One would get from this question that the person is asking about the same event under discussion (the birthday) 12 months ago. Of course, a birthday is a fixed date, but the same would be true of an event that was not fixed, for example:

-"This year I went to France for my vacation"
-"Where did you go on vacation last year?"

Although there is no fixed date for a vacation, this assumes that the person vacations every year and perhaps at approximately the same time of year. Without any further context, I think one would be reasonable in this assumption.

"In the last year" could mean "during the last 12 months" but it could equally mean "during the last calendar year". Context should determine what the benchmark is. For example, if someone were referring to data from a survey or census that was carried out annually it would be reasonable to assume that "last year" referred to the most recent complete period of that study. That could be a calendar year.

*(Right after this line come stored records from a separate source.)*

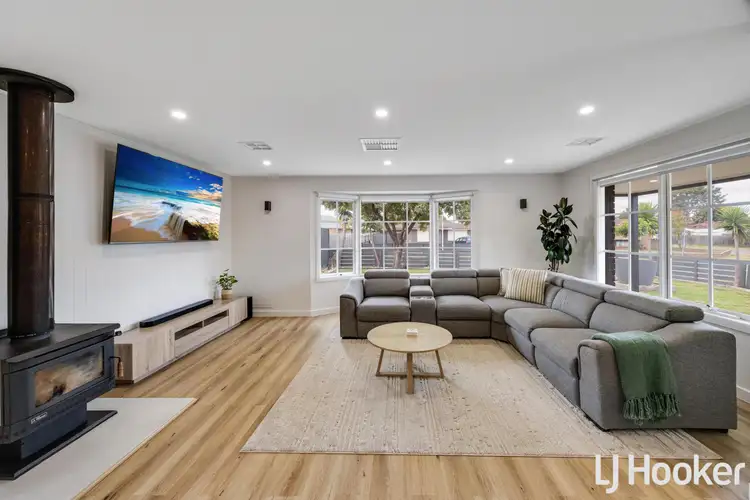 Third view of Homely house listing, 21 Argyll Circuit, Melton West VIC 3337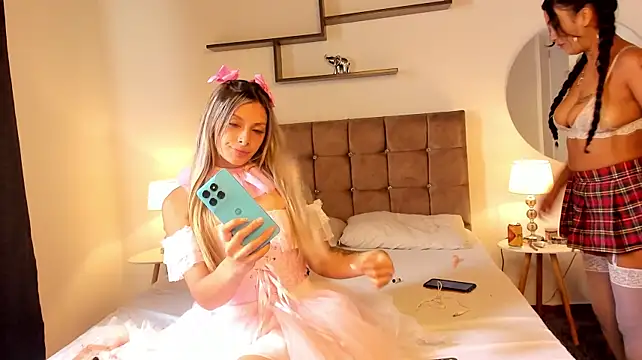 Chat XXX en directo de AliceColin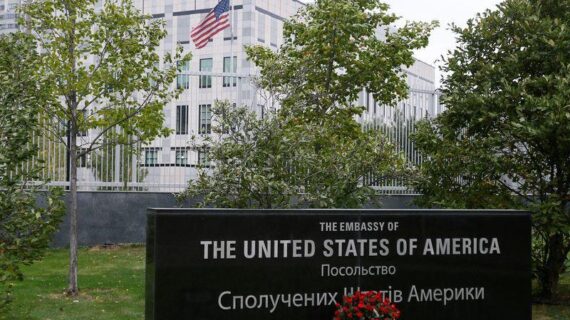 ब्रिटेन ने यूक्रेन में अपने दूतावास के कुछ कर्मचारियों को बुलाया वापस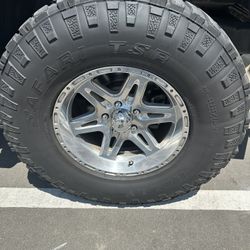 Ultra Badlands Wheels With Kelly Safari TSR Tires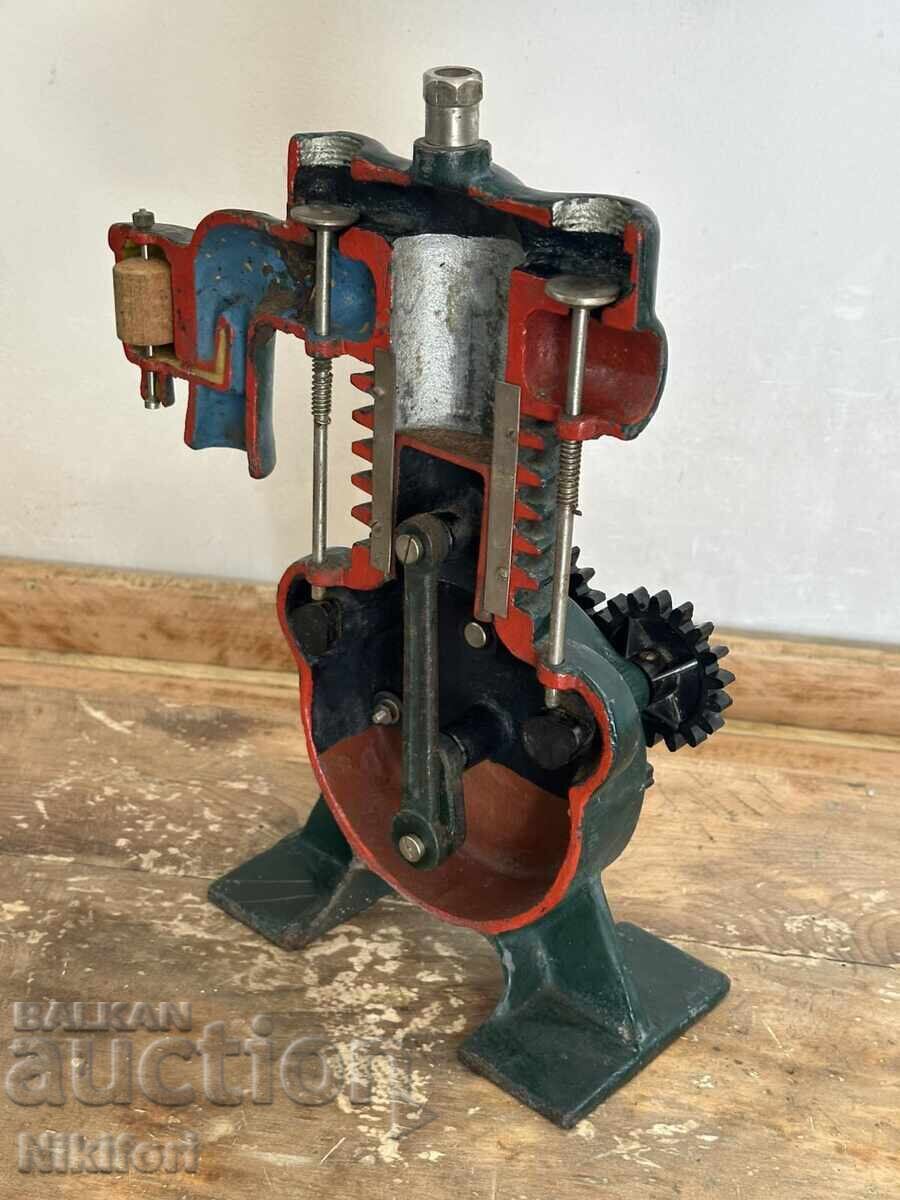 Auction Social Educational Model of an Engine in Section Auction Social Educational Model of an Engine in Section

If somebody referred to something they did "last year" and they said this to you on January 1st you would assume that they were speaking about an event some 12 months ago, or at least some time ago within the last 12 months - it is unlikely you would think they were talking about something they did yesterday, even though that was technically "last year".

The only firm distinction between the two statements you quote is that saying "in the last year" specifically suggests that something happened either at any point during that period or throughout that period, rather than point to a specific time, for example:

Apple sold 216 million iPhones in the last year.

This makes it clear that 216 million iPhones were sold throughout the year. However:

Last year Apple sold 216 million iPhones.

This could mean that they sold that many all on the same day, although it is highly unlikely anyone would assume that was what it meant.

To be clear: I am not advocating that we all assume what a person means - if you don't understand the context, ask them!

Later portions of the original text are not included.